**ABOUT THIS EXERCISE**: Copy, exactly as written, the lines that begin at the one containing "Claber Garden Impact" and end at the one containing "SUPERMAN/STEEL POP - ADULT". Skip any pictures in the data below.

**DATASET**:

_ _ _ _

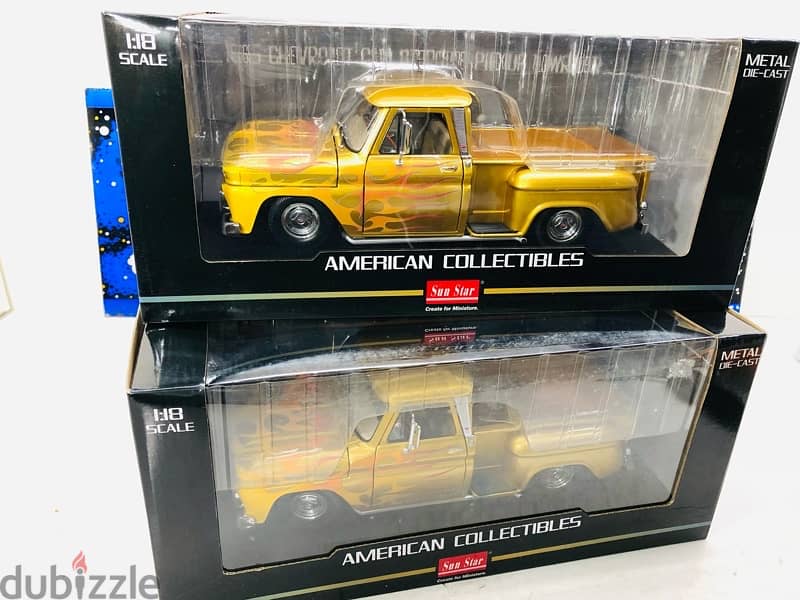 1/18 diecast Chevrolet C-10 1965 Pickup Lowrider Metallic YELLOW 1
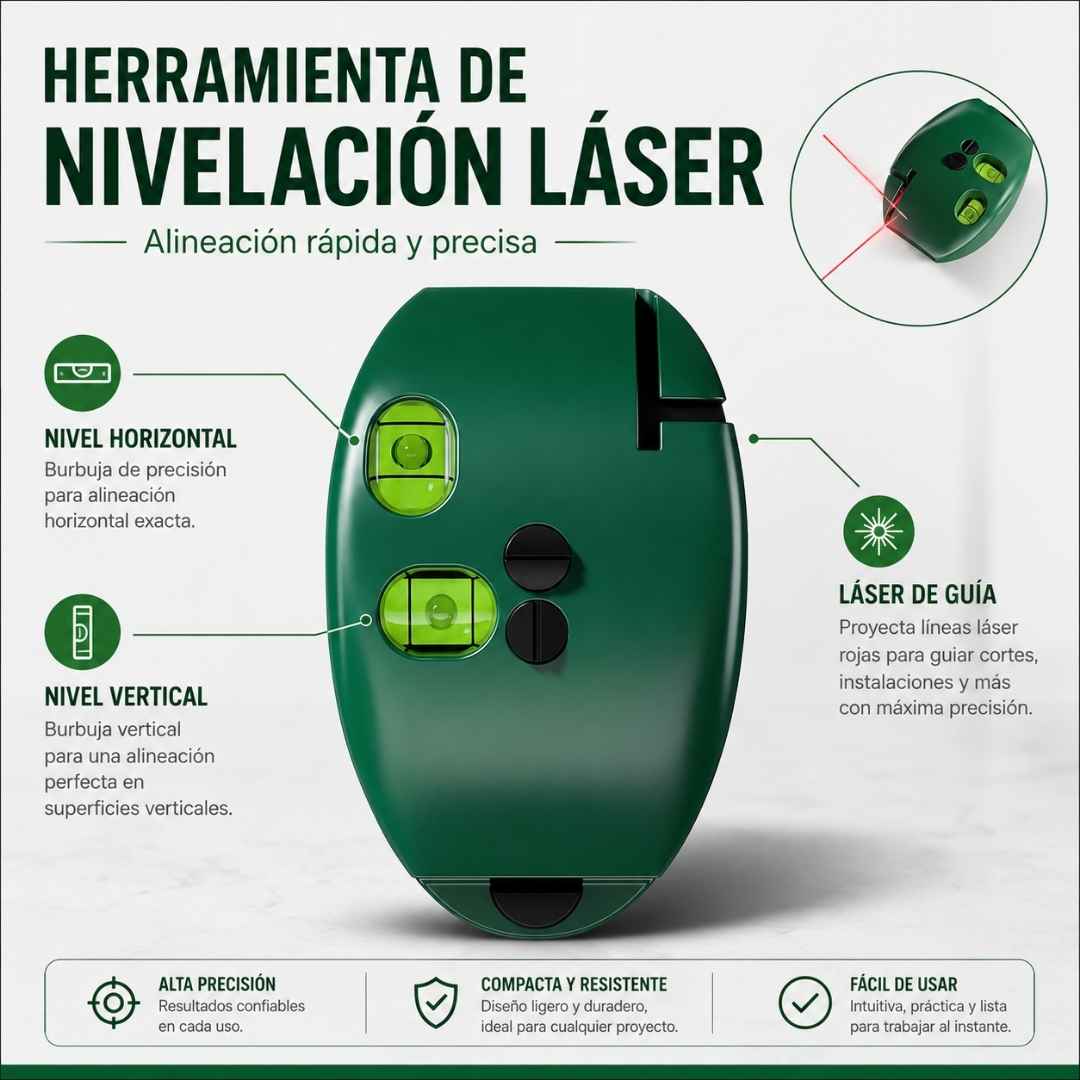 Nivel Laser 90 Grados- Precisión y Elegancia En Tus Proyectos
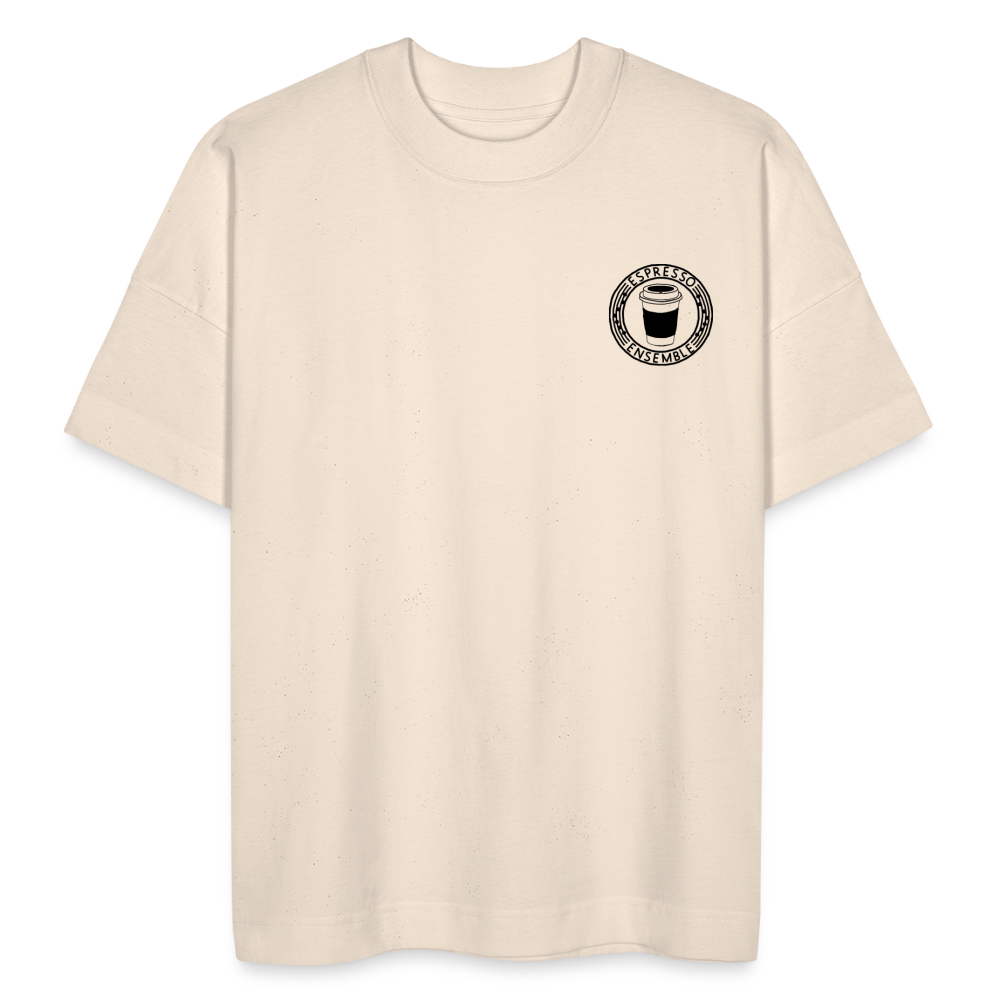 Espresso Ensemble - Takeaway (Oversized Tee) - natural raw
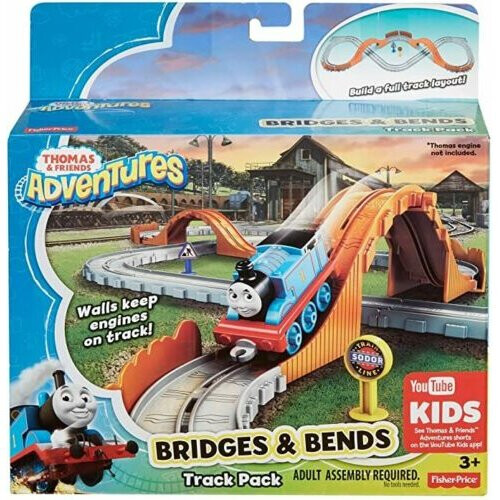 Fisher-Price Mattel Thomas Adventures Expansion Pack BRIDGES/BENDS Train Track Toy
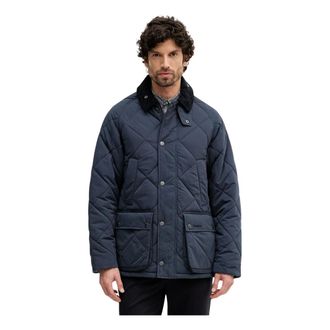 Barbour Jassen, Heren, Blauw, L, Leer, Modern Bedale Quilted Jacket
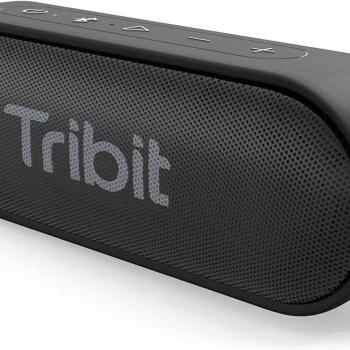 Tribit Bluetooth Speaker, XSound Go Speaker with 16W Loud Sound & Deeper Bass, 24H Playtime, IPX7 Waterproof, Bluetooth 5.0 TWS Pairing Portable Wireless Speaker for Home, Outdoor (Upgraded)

_ _ _ _

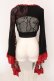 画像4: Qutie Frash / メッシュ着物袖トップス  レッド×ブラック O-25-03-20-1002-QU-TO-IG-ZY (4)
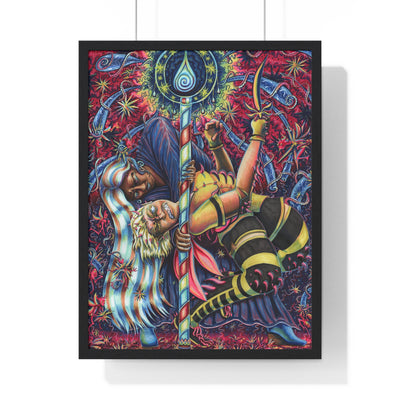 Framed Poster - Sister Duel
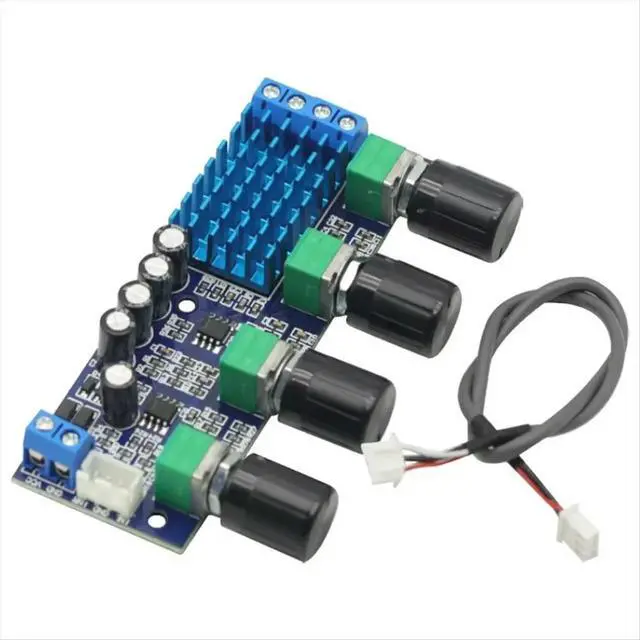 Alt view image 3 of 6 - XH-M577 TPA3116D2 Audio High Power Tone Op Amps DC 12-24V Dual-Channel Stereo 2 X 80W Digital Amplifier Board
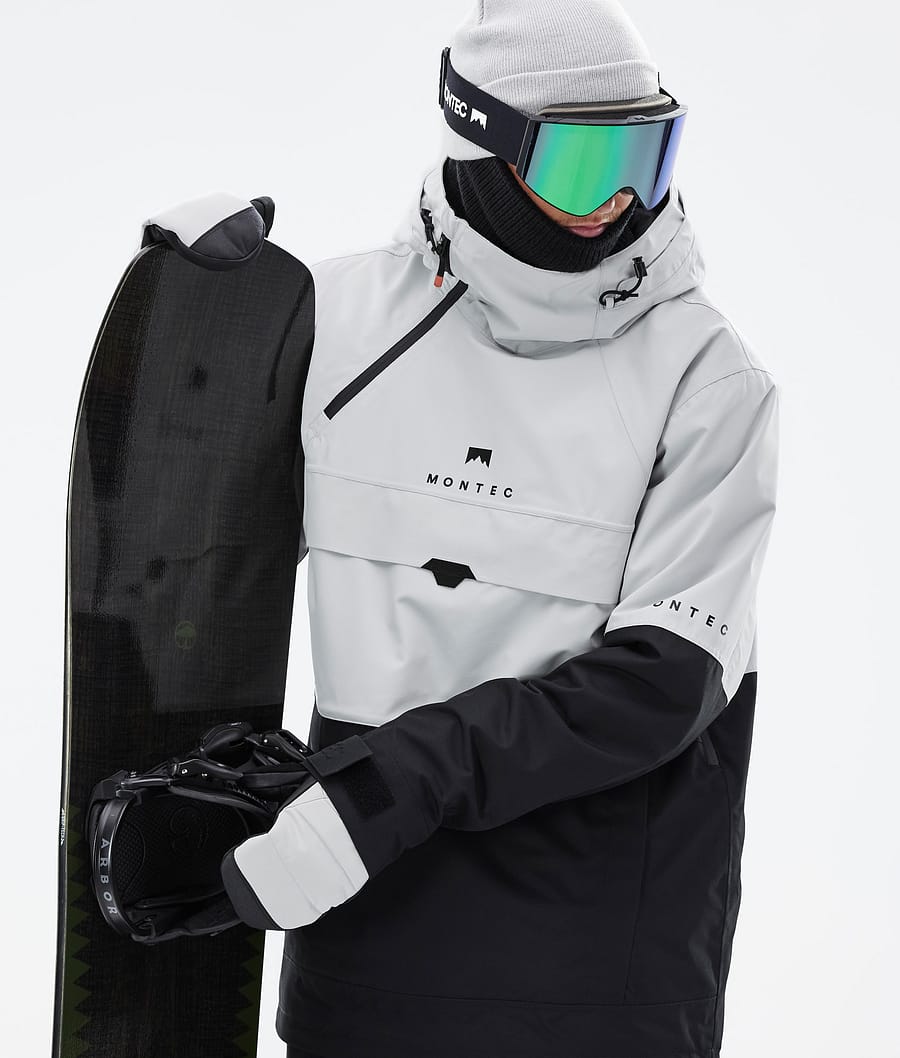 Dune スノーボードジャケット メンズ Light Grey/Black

_ _ _ _

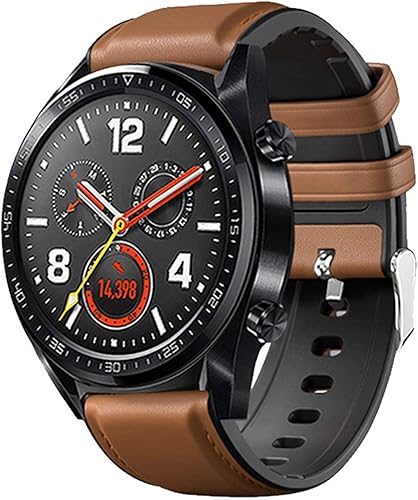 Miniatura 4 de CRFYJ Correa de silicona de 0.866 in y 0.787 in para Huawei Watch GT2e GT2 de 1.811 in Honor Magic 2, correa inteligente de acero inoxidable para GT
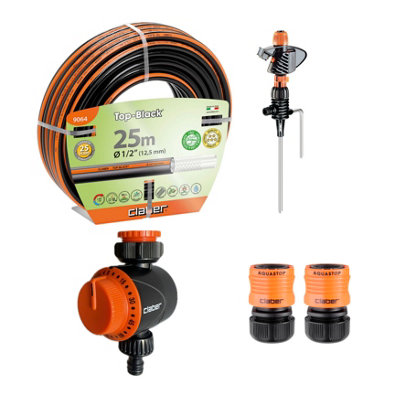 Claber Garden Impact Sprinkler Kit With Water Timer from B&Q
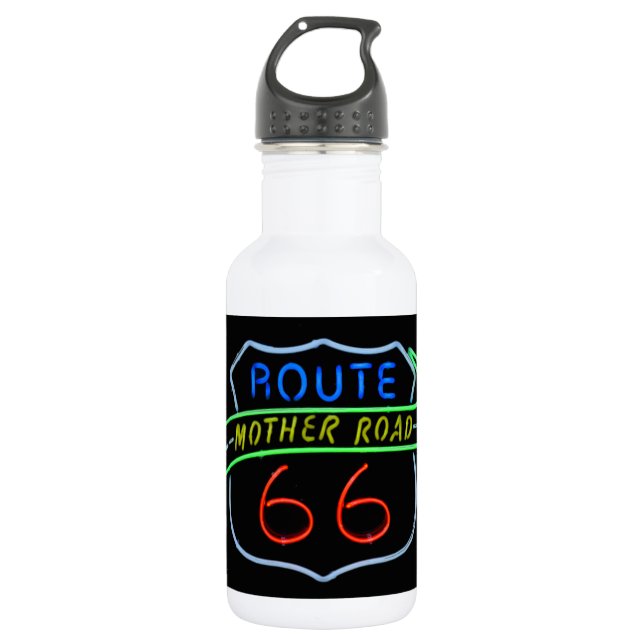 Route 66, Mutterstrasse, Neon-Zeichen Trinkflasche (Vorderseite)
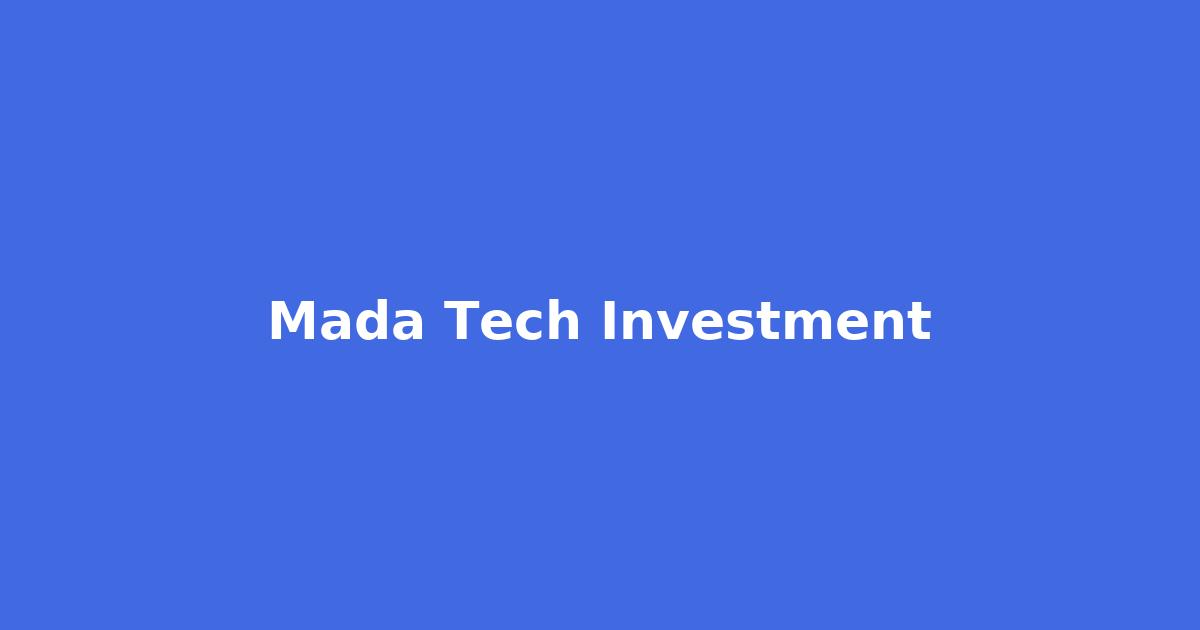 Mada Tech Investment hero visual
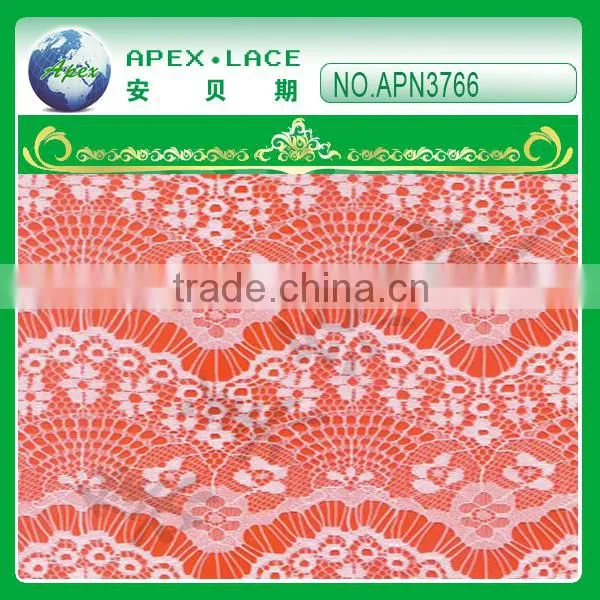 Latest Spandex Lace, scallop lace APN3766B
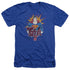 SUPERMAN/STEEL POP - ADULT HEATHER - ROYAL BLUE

_ _ _ _

**OUTPUT OF THE TASK**:
 Claber Garden Impact Sprinkler Kit With Water Timer from B&Q
 Route 66, Mutterstrasse, Neon-Zeichen Trinkflasche (Vorderseite)
 Mada Tech Investment hero visual
 Latest Spandex Lace, scallop lace APN3766B
 SUPERMAN/STEEL POP - ADULT HEATHER - ROYAL BLUE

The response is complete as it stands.